May 30, 2024 – A 3rd dairy employee has been diagnosed with bird flu, the Michigan Department of Health and social services was announced on Thursday. The risk to the final population stays low, federal officials said today at a press conference.
“This individual is a dairy worker in Michigan,” said Nirav Shah, MD, JD, CDC deputy director, on the briefing. Like the employee last week, this employee was exposed to dairy cows, but works on a unique farm in Michigan than the second employee. The employee was not wearing personal protective equipment (PPE). In the present outbreak, a Texas dairy employee was the primary to contract the virus in April.
This case has different symptoms than the previous two.
“Unlike the previous two people with H5N1 (bird flu), who only had red or sore eyes, this person had respiratory symptoms, including cough, stuffy nose, sore throat and watery eyes,” Shah said.

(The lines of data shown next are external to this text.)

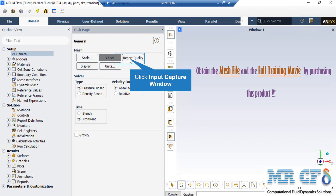By clicking on Report Quality, the Fluent software will give you the quality report for your mesh in the console tab. For example, you can see the maximum aspect ratio of your mesh, maximum orthogonal quality, and more.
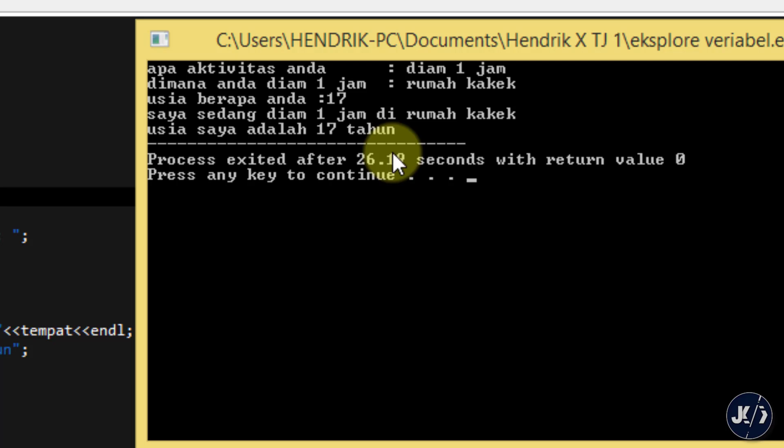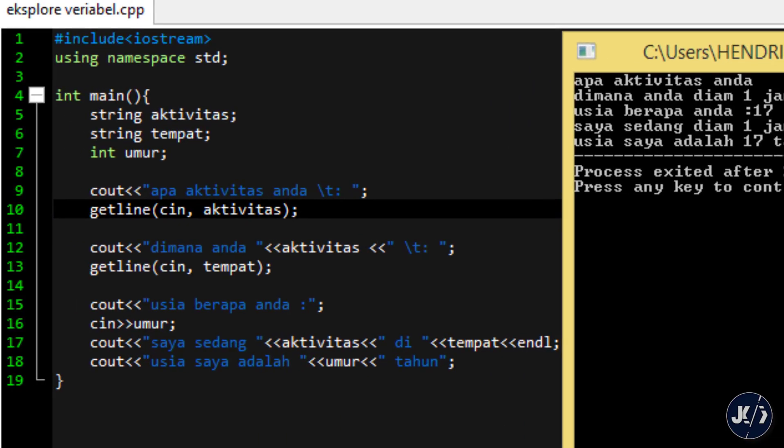Jadi itu pembahasan kita hari ini tentang pemanfaatan variable, dan kita sudah membahas tentang input output berbagai tipe data, meskipun kita baru menggunakan string dan integer. Saya harap itu sudah mewakili variable-variable dengan tipe data yang lainnya karena penulisannya juga hampir sama. Semoga bermanfaat. Saya akhiri di pertemuan kali ini. Wassalamualaikum warahmatullahi wabarakatuh.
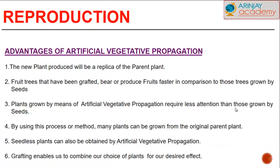The advantages of artificial vegetative propagation are: firstly, a new plant produced will be a replica of the parent plant. Secondly, fruit trees that have been grafted bear fruit earlier compared to those trees grown by seeds. Thirdly, plants grown by artificial vegetative propagation require less attention than those grown by seeds. Fourthly, many plants can be grown from the original parent plant. Fifthly, seedless plants can also be obtained. And finally, grafting enables us to combine our choice of plants for our desired effect.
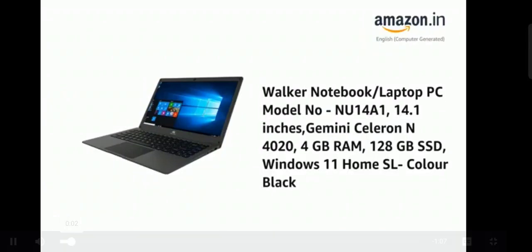Presenting the Walker Notebook Slash Laptop PC Model No. Mu14A1, 14.1 inches, Gemini Celeron N4020, 4GB RAM, 128GB SSD, Windows 11 Home SL Color Black.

The employee was given Tamiflu, he said, and is currently recovering.
Despite the opposite symptoms the third employee exhibited, “this does not change the CDC's H5 risk assessment level for the general population, which remains low,” Shah said. That's because all three employees had direct contact with infected cows. Shah stressed that no human-to-human transmission has been detected.
This shows why dairy farms should protect themselves with personal protective equipment, he said. The CDC has provided states with personal protective equipment from the national stockpile, he said.
“The respiratory symptoms we are seeing in this individual are consistent with what we would expect,” Shah said. This shows that the virus can present itself in some ways. None of the employee's close contacts have reported symptoms, he said. Like the case reported in Michigan last week, this case was not unexpected, he said.
The CDC is sequencing the third employee's virus to check it with other previous human cases and search for changes that might increase the likelihood of transmission. More information is predicted in the following few days, he said.
In the identical briefing, Eric Deeble, DVM, deputy senior advisor for HPAI (highly pathogenic avian influenza) on the U.S. Department of Agriculture, announced a further $824 million in funding to guard the health of livestock.
The USDA also announced a voluntary pilot program to check herds not known to be infected. This is meant to extend knowledge about bird flu and the way it spreads and to permit farmers to ship cows with negative test results. “We want to encourage more testing by any means we can,” he said.
Deeble also announced the ultimate results of the study of beef samples from the US Department of Agriculture. On May 28, all 109 muscle samples from cows were examined: 108 of them didn't contain any virus particles. Virus particles were detected in tissue samples from one cow during autopsy; these couldn't have gotten into the food.